----- DATA EXCERPT -----

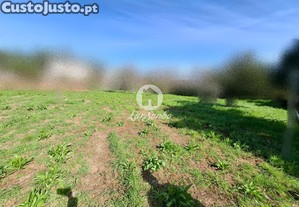 imagem_6
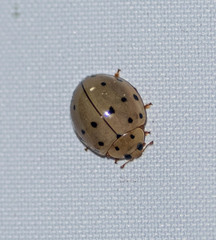 Harmonia sedecimnotata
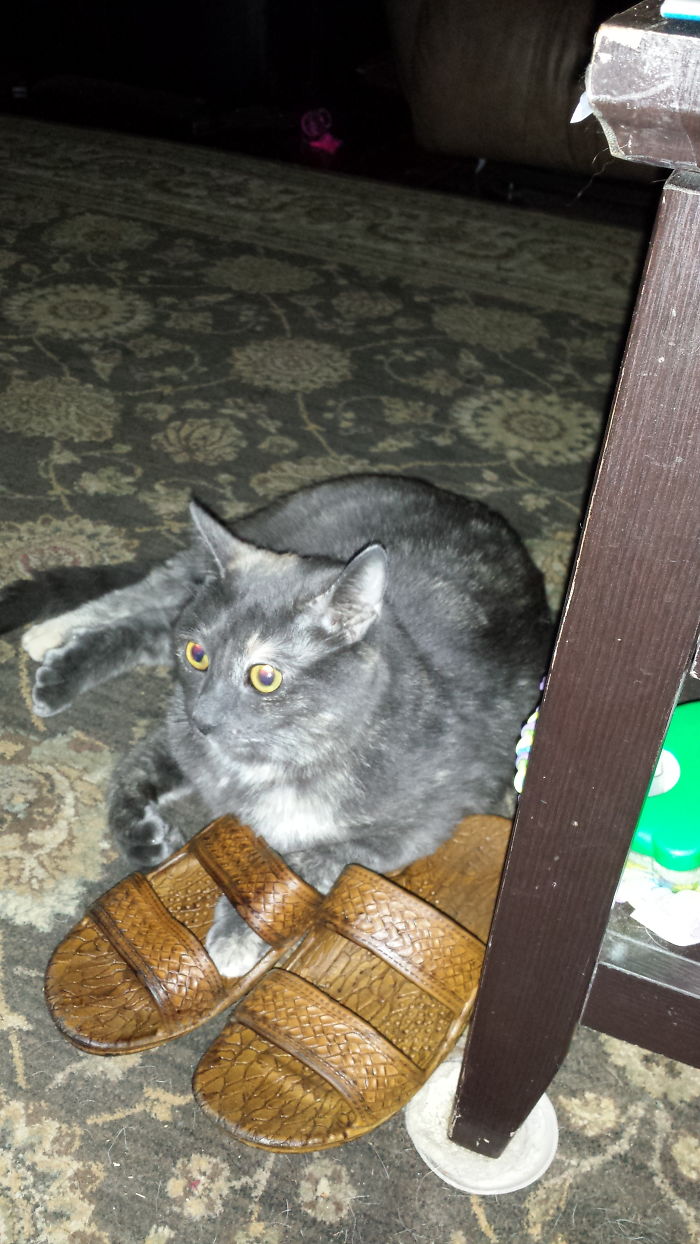 People Are Sharing Pics Of Their Cats Acting Weird (Add Yours)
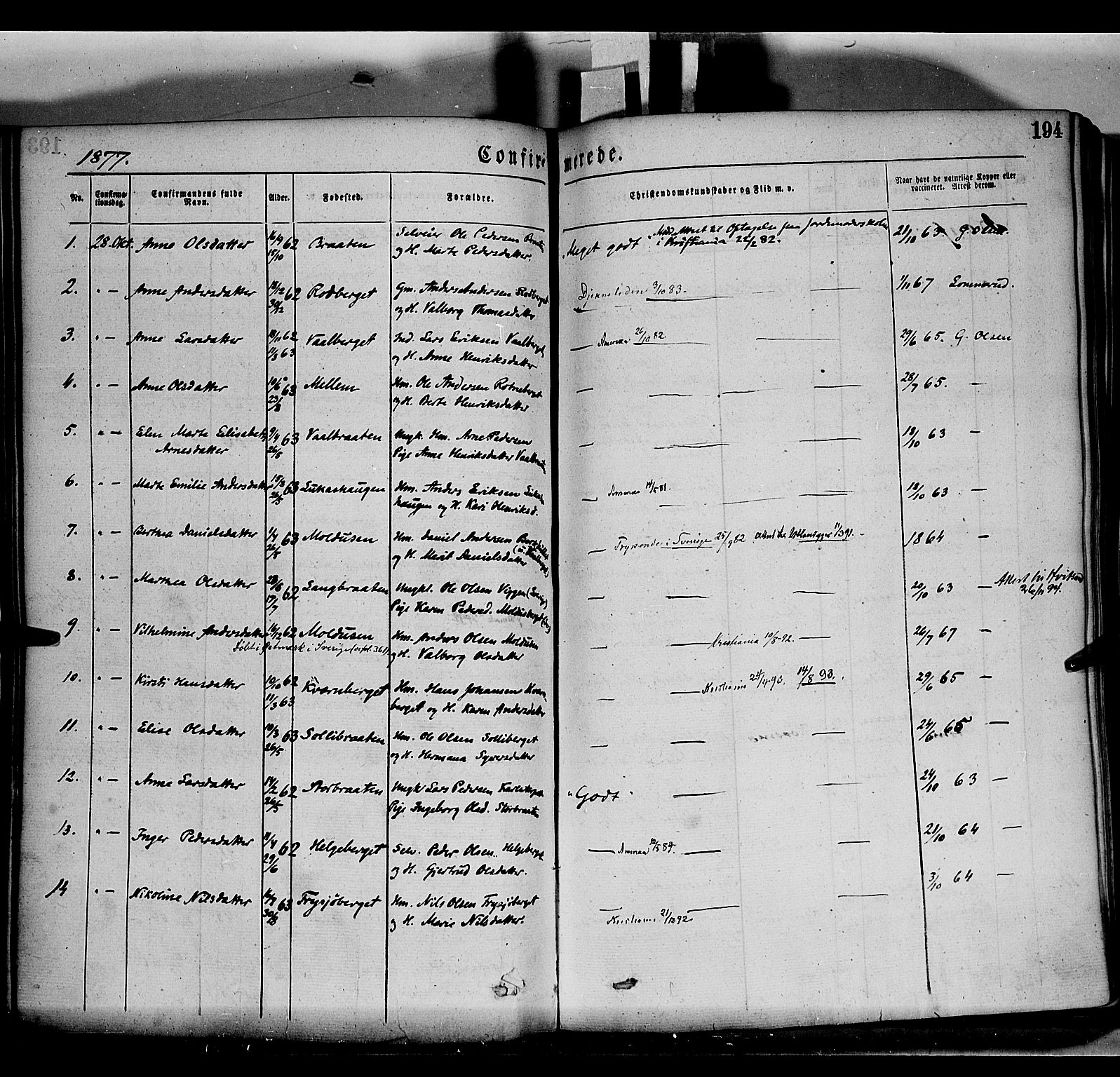 Grue prestekontor, AV/SAH-PREST-036/H/Ha/Haa/L0011: Parish register (official) no. 11, 1873-1880, p. 194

-----

:: THE TASK ::
Omit the pictures and write out exactly the lines from the one containing "Harmonia sedecimnotata" through the last line of the material.

:: SOLVED PROBLEM ::
 Harmonia sedecimnotata
 People Are Sharing Pics Of Their Cats Acting Weird (Add Yours)
 Grue prestekontor, AV/SAH-PREST-036/H/Ha/Haa/L0011: Parish register (official) no. 11, 1873-1880, p. 194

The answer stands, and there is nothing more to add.